暑かった夏も終わり、新学期が始まったばかりの9月の金曜日の夜のこと。
例のごとく、自分専用と決め付けている高須家備品の座布団をふたつに折り曲げて、枕代わりに寝転んでる居候がひとり。
高須家の居間で長い髪を畳の上へ横たえ、相変わらずの美少女振りを発揮するのは逢坂大河であった。
竜児にとって既に大河が自宅の居間にいるのがすっかり見慣れた光景になっており、もはや空気のような存在。
普段は意識しないが何かあると意識してしまう。
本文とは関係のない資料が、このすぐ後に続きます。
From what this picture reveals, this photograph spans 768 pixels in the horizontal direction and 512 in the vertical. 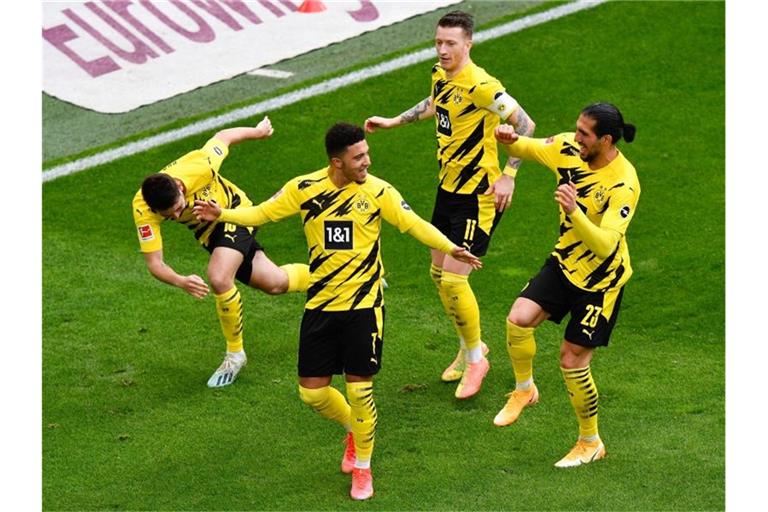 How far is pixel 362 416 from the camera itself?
9.95 metres

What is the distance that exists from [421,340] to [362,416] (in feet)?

そしてそれが無くては生きていけない。
大げさかもしれないが、明日から急に大河が居なくなれば、寂しいとか、そんな簡単な言葉で表すことが出来ないくらいだ。
めったに無いことだが、たまたま大河が早く自宅に帰ったりしてしまうと、居間にポッカリ、隙間が空いてしまい、ジグソーパズルのピースが足らないようなもどかしさを竜児は感じる。
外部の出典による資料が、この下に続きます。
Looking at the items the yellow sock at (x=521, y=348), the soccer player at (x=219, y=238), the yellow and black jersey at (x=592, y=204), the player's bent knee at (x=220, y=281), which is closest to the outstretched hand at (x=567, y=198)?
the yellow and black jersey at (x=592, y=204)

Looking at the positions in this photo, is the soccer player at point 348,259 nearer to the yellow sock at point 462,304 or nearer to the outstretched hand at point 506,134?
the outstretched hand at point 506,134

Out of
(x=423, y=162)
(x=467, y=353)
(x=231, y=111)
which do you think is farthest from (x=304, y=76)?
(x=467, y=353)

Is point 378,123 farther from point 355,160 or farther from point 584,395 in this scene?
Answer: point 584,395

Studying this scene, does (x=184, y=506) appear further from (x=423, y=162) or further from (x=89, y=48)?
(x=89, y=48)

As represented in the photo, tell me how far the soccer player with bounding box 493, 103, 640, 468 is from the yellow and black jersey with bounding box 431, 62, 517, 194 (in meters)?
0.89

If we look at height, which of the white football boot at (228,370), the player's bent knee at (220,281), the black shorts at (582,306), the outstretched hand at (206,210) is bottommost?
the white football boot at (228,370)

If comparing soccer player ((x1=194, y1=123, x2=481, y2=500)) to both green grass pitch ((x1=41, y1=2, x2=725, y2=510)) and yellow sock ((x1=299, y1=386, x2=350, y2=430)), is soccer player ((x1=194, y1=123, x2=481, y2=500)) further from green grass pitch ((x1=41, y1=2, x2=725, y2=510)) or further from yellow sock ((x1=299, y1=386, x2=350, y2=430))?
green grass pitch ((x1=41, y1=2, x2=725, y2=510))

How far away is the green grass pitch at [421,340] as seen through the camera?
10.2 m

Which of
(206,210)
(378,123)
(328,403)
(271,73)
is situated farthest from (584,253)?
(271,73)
ついこの間も台所で家事仕事をしていて「大河」と声をかけ、返事が無いので後ろを振り向いた時、居間に誰も居なくて、竜児はひどく慌てた。
「眠いから帰る」
そう言って、ちょっと前に大河が帰ったのを思い出し家事仕事に戻ったのだが、心が落ち着かず竜児は居心地の悪さを翌朝まで抱え込むことになった。
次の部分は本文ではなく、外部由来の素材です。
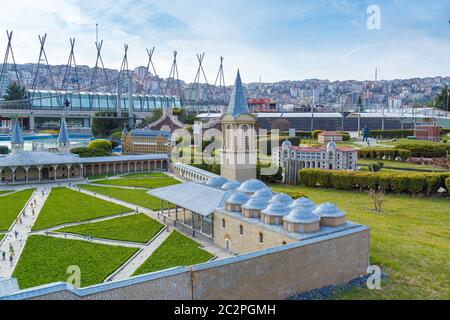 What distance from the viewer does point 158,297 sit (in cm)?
984

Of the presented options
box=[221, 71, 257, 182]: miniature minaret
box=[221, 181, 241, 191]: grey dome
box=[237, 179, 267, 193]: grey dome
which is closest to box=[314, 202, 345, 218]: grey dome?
box=[237, 179, 267, 193]: grey dome

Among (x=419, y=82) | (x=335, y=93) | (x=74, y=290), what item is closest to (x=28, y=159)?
(x=74, y=290)

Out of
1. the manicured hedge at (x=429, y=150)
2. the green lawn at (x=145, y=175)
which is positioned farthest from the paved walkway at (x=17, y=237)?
the manicured hedge at (x=429, y=150)

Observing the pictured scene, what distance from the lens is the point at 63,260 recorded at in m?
16.0

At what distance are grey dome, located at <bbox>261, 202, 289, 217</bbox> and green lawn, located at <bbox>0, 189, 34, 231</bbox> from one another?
1348 cm

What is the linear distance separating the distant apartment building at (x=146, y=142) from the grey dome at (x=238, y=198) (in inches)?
1097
それは「わかめ?、豆腐?」と、朝食の味噌汁の具を聞きながら玄関ドアを騒がしく開けて、飛び込んで来る大河を見るまで続いた。
・・・俺、どうかしてる。
夏休み以降、自分でも変だと思いながら、竜児はこのところ、毎日を過ごしていた。

「・・・くしゅん」
うたた寝していた大河がくしゃみで目を覚ます。
「う〜っ、鼻水」
鼻から水ちょうちんを垂らして起き上がり、そのまま着ていた服の袖でぬぐおうとする。
「ん、あに?」
己を見ていた竜児の視線に気が付き、袖口で拭くのをやめ、「ティッシュ」と催促。
竜児は近くのボックスから2〜3枚抜き取ると、そのまま大河の鼻を押さえ、「ほら、ちーん」と鼻をかむ様に大河をうながす。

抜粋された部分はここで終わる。